The problem here is that there's insufficient invention in The Moroccan Project to fill 45 minutes. It might not hurt to trim the piece for later engagements.
Handel, though, is hopeless. When the lights went up on Schert and Drew Jacoby, he holding her extended arms, she toying with her balances and flashing dramatic extensions, one could not be faulted for believing that King was parodying his stylistic signatures. Drastically folded torsos and energetic, but meandering solos (like Credell's) gathered little tension and looked like audition numbers. Morgenthaler's lighting leads us to expect more than we eventually get.

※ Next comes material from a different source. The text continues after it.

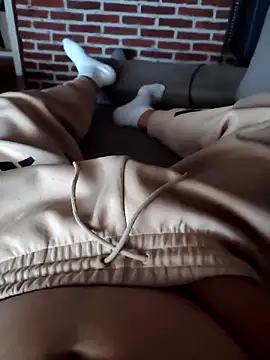 Snapshot of LuqenZo chatting on 03-26-26, 05:07 LuqenZo online show from 03-26-26, 05:07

What King is attempting here is a mood piece, but his musical ear is off (or at least a bit askew). He has ransacked the catalog of Handel's orchestral and chamber music and assembled a recorded, nine-part suite that must be the most lugubrious potpourri ever culled from this composer's extensive output. Whirring, electronic interludes by Leslie Stuck do not help. The sequence of largo and adagio movements (most of which do not end on closed cadences, because, in the printed scores, they lead directly into contrasting allegros) simply raise aural expectations and generate visual torpor. How, you wonder, could any choreographer neglect to exploit Handel's genius for exhilarating counterpoint? That quality, not surprisingly, rarely figures in King's movement scheme.
One up-tempo sequence late in the piece features the men'all in short, floppy skirts intended to show off their legs'promenading downstage from the back wall, finally erupting in a modest display of patterning. Here, for a few moments, Handel comes to life, and the movement suggests what the work might have been.